(Beginning of RECORDS PROVIDED)

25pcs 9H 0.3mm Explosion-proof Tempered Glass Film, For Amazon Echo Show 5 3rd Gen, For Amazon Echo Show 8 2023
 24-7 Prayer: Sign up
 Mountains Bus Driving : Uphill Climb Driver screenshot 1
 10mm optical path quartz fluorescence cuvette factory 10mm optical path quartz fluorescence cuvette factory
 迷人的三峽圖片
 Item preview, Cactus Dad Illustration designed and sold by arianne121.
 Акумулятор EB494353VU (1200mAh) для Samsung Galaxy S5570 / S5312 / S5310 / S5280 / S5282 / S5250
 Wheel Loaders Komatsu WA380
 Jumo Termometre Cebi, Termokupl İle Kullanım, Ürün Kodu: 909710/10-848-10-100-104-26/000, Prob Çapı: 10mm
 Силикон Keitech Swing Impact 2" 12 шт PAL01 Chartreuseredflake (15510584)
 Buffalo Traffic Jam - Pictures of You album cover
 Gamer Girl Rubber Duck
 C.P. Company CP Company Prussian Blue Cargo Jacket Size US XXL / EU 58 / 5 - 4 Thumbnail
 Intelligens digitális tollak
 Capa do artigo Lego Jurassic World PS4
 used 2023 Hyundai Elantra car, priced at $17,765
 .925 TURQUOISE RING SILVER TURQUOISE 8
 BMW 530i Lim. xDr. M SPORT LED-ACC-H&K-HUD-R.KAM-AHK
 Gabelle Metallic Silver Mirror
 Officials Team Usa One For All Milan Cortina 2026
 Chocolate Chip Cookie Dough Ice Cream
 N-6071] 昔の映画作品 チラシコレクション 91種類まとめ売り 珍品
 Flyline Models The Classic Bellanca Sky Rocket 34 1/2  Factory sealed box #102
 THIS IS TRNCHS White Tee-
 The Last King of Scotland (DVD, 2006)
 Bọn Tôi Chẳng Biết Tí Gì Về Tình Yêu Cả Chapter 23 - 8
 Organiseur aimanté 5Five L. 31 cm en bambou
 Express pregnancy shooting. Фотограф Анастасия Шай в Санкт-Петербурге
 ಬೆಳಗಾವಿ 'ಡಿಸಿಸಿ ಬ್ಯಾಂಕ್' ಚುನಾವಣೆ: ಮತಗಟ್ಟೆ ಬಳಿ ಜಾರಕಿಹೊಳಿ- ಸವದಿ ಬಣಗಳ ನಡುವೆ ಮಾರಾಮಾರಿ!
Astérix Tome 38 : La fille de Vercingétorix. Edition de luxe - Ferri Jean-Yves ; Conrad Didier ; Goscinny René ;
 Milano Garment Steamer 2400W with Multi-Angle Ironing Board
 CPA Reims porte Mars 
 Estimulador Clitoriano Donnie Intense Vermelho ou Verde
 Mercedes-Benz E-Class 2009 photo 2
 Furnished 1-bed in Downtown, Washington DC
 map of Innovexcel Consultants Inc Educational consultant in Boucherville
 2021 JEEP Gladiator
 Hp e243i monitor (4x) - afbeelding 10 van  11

(End of RECORDS PROVIDED)

Every entry above should be retyped exactly as shown.

• **EXERCISE OUTPUT**:
25pcs 9H 0.3mm Explosion-proof Tempered Glass Film, For Amazon Echo Show 5 3rd Gen, For Amazon Echo Show 8 2023
 24-7 Prayer: Sign up
 Mountains Bus Driving : Uphill Climb Driver screenshot 1
 10mm optical path quartz fluorescence cuvette factory 10mm optical path quartz fluorescence cuvette factory
 迷人的三峽圖片
 Item preview, Cactus Dad Illustration designed and sold by arianne121.
 Акумулятор EB494353VU (1200mAh) для Samsung Galaxy S5570 / S5312 / S5310 / S5280 / S5282 / S5250
 Wheel Loaders Komatsu WA380
 Jumo Termometre Cebi, Termokupl İle Kullanım, Ürün Kodu: 909710/10-848-10-100-104-26/000, Prob Çapı: 10mm
 Силикон Keitech Swing Impact 2" 12 шт PAL01 Chartreuseredflake (15510584)
 Buffalo Traffic Jam - Pictures of You album cover
 Gamer Girl Rubber Duck
 C.P. Company CP Company Prussian Blue Cargo Jacket Size US XXL / EU 58 / 5 - 4 Thumbnail
 Intelligens digitális tollak
 Capa do artigo Lego Jurassic World PS4
 used 2023 Hyundai Elantra car, priced at $17,765
 .925 TURQUOISE RING SILVER TURQUOISE 8
 BMW 530i Lim. xDr. M SPORT LED-ACC-H&K-HUD-R.KAM-AHK
 Gabelle Metallic Silver Mirror
 Officials Team Usa One For All Milan Cortina 2026
 Chocolate Chip Cookie Dough Ice Cream
 N-6071] 昔の映画作品 チラシコレクション 91種類まとめ売り 珍品
 Flyline Models The Classic Bellanca Sky Rocket 34 1/2  Factory sealed box #102
 THIS IS TRNCHS White Tee-
 The Last King of Scotland (DVD, 2006)
 Bọn Tôi Chẳng Biết Tí Gì Về Tình Yêu Cả Chapter 23 - 8
 Organiseur aimanté 5Five L. 31 cm en bambou
 Express pregnancy shooting. Фотограф Анастасия Шай в Санкт-Петербурге
 ಬೆಳಗಾವಿ 'ಡಿಸಿಸಿ ಬ್ಯಾಂಕ್' ಚುನಾವಣೆ: ಮತಗಟ್ಟೆ ಬಳಿ ಜಾರಕಿಹೊಳಿ- ಸವದಿ ಬಣಗಳ ನಡುವೆ ಮಾರಾಮಾರಿ!
Astérix Tome 38 : La fille de Vercingétorix. Edition de luxe - Ferri Jean-Yves ; Conrad Didier ; Goscinny René ;
 Milano Garment Steamer 2400W with Multi-Angle Ironing Board
 CPA Reims porte Mars 
 Estimulador Clitoriano Donnie Intense Vermelho ou Verde
 Mercedes-Benz E-Class 2009 photo 2
 Furnished 1-bed in Downtown, Washington DC
 map of Innovexcel Consultants Inc Educational consultant in Boucherville
 2021 JEEP Gladiator
 Hp e243i monitor (4x) - afbeelding 10 van  11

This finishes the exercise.